We've had reports of this block hitting both individual consumer as well as corporate rental lines.
This block has not been widely reported yet, so it is possible it is just a glitch in Verizon's systems.
Or it is possible that some sort of internal audit is underway - and lines that have mismatched service with a phone plan installed in a data-only device (like many UDP lines are) are ending up blocked as a side-effect.
So far, it seems that the block is being treated by Verizon tech support as a mistake, and they have had no problem removing it when people call in or contact Verizon chat support.
BUT - VERY IMPORTANT: Do not contact Verizon tech support until you have moved the UDP SIM back into a Verizon compatible cellphone that you have then activated on the network!
If you try to remove the block while the UDP SIM is still in a data-only device, you will very likely also end up removing the entire unlimited data package from the line. If this happens, Verizon tech support still seems willing (so far) to restore it, but it requires filing a special inactive pricing request appeal, and potentially waiting several days for it to be approved.
Once the block is removed and the phone is working online again, there seems to be no trouble transplanting the SIM back into a router or hotspot.
At least, so far...
This is still a developing story - and we will update here with more details as soon as we get them.
And if you experience this block - please contact us to share the details.
Verizon is clearly continuing to make moves impacting UDP lines, and there is a lot of uncertainty now around what might be next.
To be safe - make sure that your line is under contract, and aim to keep your usage well under 500GB/mo. We're recommending 100GB/mo as being a safer target point for the moment.
Some people are even keeping their UDP line SIM cards in phones instead of hotspots now when they aren't actively using them, just as an extra precaution.
The dust around these moves is just now beginning to settle, and we will continue updating this breaking story with more informations as we get it about any plan changes Verizon starts to push out, and the best ways for RVers to protect their plans.
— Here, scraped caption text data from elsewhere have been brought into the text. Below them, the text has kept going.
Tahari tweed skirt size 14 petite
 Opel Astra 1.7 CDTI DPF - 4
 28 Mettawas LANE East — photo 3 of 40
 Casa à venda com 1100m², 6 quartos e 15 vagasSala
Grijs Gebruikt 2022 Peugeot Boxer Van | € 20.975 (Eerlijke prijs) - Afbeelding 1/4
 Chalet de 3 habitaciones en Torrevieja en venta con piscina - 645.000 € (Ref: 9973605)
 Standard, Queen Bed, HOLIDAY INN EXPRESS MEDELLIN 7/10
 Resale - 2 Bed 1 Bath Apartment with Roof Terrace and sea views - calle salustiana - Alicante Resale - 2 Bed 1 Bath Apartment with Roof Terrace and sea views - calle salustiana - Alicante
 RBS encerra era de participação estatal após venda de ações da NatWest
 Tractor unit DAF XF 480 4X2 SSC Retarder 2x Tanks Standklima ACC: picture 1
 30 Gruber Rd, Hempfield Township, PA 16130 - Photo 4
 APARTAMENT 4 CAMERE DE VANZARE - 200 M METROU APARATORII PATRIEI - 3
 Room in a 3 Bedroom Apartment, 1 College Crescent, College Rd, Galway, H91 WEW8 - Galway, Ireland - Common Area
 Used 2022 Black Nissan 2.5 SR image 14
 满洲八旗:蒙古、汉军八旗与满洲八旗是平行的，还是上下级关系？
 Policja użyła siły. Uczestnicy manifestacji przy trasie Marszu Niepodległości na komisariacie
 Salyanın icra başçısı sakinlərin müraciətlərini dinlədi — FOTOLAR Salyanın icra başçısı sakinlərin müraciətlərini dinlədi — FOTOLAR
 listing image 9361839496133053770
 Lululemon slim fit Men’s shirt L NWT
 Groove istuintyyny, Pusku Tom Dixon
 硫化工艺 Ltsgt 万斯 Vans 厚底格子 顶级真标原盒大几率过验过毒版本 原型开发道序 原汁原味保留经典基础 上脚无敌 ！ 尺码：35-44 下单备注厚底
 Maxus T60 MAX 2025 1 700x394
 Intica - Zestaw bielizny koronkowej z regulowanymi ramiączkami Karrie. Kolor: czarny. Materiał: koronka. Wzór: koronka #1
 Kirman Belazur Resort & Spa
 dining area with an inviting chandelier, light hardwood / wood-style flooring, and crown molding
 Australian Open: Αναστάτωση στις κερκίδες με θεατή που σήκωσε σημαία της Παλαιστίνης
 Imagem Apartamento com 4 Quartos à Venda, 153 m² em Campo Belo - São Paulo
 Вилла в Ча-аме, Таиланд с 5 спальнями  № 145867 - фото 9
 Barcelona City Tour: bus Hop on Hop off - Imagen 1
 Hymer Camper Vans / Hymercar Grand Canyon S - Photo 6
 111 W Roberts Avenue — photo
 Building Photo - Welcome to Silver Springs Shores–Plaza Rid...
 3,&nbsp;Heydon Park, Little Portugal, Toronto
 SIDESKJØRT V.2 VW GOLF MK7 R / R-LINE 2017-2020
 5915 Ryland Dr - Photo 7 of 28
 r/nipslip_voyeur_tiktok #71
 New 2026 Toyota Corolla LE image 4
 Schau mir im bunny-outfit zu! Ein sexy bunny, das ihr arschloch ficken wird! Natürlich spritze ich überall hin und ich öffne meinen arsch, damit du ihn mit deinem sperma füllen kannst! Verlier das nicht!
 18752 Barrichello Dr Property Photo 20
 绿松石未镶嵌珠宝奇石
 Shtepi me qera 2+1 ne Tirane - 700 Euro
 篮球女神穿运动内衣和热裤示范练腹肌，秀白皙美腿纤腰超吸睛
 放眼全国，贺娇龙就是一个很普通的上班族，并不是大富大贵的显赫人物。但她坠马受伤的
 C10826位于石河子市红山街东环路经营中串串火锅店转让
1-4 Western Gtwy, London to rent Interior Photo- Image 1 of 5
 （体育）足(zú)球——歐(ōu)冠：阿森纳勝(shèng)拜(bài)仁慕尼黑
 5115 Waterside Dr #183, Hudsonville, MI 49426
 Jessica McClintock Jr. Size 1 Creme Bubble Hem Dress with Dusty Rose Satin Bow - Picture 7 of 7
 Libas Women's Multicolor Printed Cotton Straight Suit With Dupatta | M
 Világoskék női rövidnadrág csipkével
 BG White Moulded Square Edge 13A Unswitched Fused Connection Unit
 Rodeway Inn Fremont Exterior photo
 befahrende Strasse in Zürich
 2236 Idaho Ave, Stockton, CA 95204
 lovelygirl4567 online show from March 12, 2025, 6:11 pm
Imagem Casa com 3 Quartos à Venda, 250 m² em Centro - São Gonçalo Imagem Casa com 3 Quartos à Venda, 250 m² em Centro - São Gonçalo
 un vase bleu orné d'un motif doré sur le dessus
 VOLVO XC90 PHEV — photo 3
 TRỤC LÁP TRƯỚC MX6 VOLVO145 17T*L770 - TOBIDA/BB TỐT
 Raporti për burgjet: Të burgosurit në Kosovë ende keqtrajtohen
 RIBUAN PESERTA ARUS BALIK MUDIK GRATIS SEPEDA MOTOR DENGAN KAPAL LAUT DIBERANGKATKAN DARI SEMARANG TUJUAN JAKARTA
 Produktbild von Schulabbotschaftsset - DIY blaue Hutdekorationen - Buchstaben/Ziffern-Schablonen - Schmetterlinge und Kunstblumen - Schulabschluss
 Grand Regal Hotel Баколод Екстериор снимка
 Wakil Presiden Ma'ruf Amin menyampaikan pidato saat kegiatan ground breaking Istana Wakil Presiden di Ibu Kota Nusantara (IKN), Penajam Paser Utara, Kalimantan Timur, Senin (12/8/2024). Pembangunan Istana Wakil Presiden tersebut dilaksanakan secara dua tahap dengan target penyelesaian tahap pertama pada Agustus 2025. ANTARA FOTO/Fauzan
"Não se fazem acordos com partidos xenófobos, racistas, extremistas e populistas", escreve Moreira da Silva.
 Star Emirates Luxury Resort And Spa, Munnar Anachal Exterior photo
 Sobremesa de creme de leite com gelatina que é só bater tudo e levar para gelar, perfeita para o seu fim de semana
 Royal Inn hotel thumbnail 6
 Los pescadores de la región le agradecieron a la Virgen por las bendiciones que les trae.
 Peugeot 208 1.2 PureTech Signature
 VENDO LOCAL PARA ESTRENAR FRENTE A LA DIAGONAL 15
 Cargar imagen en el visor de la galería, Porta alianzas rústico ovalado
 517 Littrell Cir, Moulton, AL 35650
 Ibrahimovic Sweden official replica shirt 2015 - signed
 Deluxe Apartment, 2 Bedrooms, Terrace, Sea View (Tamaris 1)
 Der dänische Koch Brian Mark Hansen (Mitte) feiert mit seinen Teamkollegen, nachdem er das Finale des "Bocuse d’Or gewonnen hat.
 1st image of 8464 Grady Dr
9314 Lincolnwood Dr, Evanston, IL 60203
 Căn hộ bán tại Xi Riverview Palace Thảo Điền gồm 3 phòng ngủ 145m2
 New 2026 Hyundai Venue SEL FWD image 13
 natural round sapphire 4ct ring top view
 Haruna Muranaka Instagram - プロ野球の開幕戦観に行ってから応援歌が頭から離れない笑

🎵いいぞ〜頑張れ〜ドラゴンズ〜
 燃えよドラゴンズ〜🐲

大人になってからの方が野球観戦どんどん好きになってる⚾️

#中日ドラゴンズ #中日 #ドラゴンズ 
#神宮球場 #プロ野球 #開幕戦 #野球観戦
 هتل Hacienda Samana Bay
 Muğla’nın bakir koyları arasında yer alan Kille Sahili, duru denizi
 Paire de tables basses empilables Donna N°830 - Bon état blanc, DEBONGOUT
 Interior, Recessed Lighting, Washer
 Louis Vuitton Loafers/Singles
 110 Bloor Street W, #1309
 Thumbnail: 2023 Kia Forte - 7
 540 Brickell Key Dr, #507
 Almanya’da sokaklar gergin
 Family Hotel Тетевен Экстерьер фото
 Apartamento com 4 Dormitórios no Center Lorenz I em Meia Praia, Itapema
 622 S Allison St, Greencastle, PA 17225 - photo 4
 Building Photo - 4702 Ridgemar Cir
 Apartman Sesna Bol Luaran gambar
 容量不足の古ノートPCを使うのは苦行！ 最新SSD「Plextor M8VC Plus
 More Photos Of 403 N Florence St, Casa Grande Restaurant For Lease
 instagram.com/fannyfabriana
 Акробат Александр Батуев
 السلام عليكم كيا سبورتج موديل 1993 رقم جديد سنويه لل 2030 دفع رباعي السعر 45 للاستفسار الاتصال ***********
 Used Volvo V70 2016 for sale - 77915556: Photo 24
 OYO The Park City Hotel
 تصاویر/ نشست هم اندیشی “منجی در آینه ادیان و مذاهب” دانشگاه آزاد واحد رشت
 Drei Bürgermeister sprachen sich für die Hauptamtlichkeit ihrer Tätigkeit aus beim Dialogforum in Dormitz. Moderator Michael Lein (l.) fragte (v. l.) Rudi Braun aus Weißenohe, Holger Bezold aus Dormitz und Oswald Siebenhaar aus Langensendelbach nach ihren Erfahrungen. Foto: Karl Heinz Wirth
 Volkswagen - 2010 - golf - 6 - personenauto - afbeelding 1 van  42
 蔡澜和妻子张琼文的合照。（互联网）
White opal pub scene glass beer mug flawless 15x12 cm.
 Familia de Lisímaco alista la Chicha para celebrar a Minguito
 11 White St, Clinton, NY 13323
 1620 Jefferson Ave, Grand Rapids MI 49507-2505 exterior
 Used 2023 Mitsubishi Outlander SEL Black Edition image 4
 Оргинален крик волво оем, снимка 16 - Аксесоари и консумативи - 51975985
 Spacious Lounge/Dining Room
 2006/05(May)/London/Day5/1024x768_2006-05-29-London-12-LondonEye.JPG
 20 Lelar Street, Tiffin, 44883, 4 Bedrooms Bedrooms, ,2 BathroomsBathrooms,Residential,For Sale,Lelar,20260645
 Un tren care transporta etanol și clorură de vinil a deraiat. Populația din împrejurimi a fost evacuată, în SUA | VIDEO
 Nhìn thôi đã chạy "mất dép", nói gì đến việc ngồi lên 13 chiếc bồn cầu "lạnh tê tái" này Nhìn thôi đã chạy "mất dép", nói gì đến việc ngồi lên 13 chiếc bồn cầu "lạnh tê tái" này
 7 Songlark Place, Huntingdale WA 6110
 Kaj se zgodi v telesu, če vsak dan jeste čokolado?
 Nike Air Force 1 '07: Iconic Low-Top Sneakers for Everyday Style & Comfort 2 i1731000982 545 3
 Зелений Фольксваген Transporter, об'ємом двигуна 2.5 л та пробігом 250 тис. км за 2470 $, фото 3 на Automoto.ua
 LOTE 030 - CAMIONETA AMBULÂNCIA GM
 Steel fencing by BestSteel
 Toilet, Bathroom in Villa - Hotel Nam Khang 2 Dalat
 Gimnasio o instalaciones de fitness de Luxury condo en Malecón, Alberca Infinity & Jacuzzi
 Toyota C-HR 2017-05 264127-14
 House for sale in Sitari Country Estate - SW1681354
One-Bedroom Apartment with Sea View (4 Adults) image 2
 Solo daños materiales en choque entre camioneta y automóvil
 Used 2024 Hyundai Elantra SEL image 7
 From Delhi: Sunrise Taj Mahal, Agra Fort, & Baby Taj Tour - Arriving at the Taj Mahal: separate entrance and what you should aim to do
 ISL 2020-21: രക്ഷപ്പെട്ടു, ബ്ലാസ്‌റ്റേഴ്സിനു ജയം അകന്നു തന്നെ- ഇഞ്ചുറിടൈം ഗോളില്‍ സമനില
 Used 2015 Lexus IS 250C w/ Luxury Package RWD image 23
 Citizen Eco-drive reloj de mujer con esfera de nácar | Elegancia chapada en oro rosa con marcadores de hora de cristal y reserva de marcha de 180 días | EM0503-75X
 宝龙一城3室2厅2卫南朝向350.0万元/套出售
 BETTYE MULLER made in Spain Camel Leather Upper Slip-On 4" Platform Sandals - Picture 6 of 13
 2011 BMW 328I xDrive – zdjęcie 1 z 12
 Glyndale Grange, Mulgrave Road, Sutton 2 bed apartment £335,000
MIA Members: We are also keeping a forum thread updated in the Special Announcements section of the forum with every update we make to this post, and with some more insider info an tips. Members can subscribe to this thread if you want to get email alerts as soon as any new updates are posted.
And if you are not yet a member and want to follow along or get our more in-depth advice on best protecting your plan, you can join this site here.
As soon as the dust settles a bit further and we have some solid future recommendation to make, we will be hosting a member video chat to share everything we know.
Questions we are actively looking to answer are:
- Just what is the safest data usage threshold?
- Is it still prudent to start the AOL process to obtain your own unlimited data line now, given this news?
- Will contracts continue to protect us? Can those in contract safely use more than 100GB?
We are also keeping our extremely in depth guide to getting (and keeping) a Verizon unlimited data plan constantly updated:
The basic information is freely available - though the in-depth guide and list of still reliable rental and AOL plan vendors are exclusively for the paid supporters of this site.
Verizon Usage Tracking Note
As we mentioned last week, Verizon's usage tracking system seems to be no longer working properly for most people on UDP lines.
This seems to apply to the on-device usage display found on many hotspots, as well as Verizon's online historic account analysis.
Clearly some changes in Verizon's back end systems has taken place that has broken usage reporting - an especially frustrating development in this time of uncertainty when people are eager to learn more about their past usage habits.
Hopefully it will all start working again soon.